The team then monitored the structure for the next month to ensure that there were no complications. “When there is some damage or problem with infrastructure, they consult us: BBMP, BDA, NHAI, Indian Railways, Indian Army … our work is on out-of-the-box solutions and health monitoring of infrastructure,” says Chandra.

Chandra’s lab has been working on such solutions since 2007, when they were first approached by the Indian Railways to check the strength of the Dudhsagar bridge near Goa, as they were worried about the load-bearing capacity of the bridge, constructed during British rule. “The Indian Railways wanted to upgrade their infrastructure. They were transporting iron ore from Goa to other places.” The Railways wanted the bridge to have a carrying capacity of at least 25 tonnes per axle. Chandra’s team did extensive testing with sensors and found that the bridge could easily carry up to 35 tonnes. “This was the first project where we did an actual field test,” he reveals.

Since then, his lab has been in regular contact with various government agencies on projects ranging from checking the structural integrity of infrastructure to postmortem analysis of structural failures. When the metro pillar collapsed earlier this year on Outer Ring Road in Bangalore, tragically killing two people, it was his lab that was roped in to analyse the damage and cause.

Testing of the Dudhsagar bridge near Goa with loaded railway wagons (Photo courtesy: JM Chandra Kishen)


Another recent example is a 4.2 km long bridge in Goraguntepalya near Peenya, which has remained shut for heavy vehicles for well over a year, as it started showing signs of distress. “Fifty-eight cables inside the structure have snapped with corrosion. Demolishing an old bridge and building a new one will cost around Rs 4,000 crore. We did extensive study and load tests on the bridge. We looked at how this can be retrofitted. We also suggested adding additional cables to the existing structure to enhance the flyover’s carrying capacity.” Based on his suggestions, the authorities have started adding about 240 cables, two cables per span (the distance between two pillars), Chandra says. The modifications have helped keep the cost down to just Rs 30 crore, apart from preventing the damage, dust pollution and noise that would have been caused by building a new bridge.

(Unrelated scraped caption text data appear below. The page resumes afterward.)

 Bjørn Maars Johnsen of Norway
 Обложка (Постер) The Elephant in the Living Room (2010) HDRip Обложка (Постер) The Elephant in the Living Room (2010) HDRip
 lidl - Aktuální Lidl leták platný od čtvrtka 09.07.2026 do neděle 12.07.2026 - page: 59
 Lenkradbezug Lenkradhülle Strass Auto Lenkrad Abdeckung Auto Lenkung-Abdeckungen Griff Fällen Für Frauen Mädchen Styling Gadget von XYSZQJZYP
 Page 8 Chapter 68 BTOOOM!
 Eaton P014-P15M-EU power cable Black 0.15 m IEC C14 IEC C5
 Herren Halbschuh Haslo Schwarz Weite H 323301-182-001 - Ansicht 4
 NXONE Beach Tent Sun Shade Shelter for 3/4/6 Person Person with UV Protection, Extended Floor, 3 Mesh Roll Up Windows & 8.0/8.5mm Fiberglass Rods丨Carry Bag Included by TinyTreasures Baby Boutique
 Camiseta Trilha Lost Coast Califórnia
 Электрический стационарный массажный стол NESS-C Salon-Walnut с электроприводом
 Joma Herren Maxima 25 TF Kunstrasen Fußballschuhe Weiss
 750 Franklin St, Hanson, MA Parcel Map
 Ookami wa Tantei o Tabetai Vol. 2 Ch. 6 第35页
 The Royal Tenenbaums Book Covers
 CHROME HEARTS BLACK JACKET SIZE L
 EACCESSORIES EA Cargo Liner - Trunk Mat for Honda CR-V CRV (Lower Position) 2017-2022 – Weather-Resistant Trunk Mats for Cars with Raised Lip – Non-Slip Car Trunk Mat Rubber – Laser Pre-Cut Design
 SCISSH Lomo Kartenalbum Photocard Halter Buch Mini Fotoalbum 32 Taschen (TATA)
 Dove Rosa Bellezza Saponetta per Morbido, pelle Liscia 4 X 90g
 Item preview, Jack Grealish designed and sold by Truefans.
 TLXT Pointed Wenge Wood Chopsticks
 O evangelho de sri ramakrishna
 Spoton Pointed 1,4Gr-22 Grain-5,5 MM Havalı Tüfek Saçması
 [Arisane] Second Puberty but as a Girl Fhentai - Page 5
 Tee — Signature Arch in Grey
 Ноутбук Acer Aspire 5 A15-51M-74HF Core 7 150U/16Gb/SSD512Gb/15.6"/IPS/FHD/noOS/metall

Chandra adds that working with diverse government agencies has helped them apply learnings from one experience to another. He was once involved in an aqueduct project to bring water from the Western Ghats to the city, which allowed him to work with large prestressed concrete structures. “Everything was done on the ground, lifted, and placed in its position.” Later, when he was asked to consult on the ongoing metro construction near the airport, he realised that similar precast structures could be used to build the viaducts.

“The structures for moving water are so huge that two trucks can go inside. So, with the metro structure being lighter, we suggested that they go for precast technology. Now the airport line is all precast.” He adds that this approach can cut down two years of construction time. “There are no textbooks to find solutions for these kinds of failures or challenges,” explains Chandra.

Picture showing the broken cable inside the bridge near Peenya (Photo courtesy: JM Chandra Kishen)


“There are no textbooks for these kinds of challenges. We work to find unique solutions based on each case”


“We work on different techniques to try and find unique solutions based on each case. We [also] take students and train them in real-world situations.” The projects that Chandra and others have worked on are only some examples of the city-building work that the Institute’s researchers have done. But an arguably more important and less visible contribution has been training students and producing graduates capable of tackling such problems out in the city and the world.

“IISc gives PhDs, which is the first step in enabling solutions. Students leave the Institute, enter different industries, and take [their learnings] forward,” says Gurunath. “That is the Institute’s role, to produce independent thinkers and arm them with knowledge.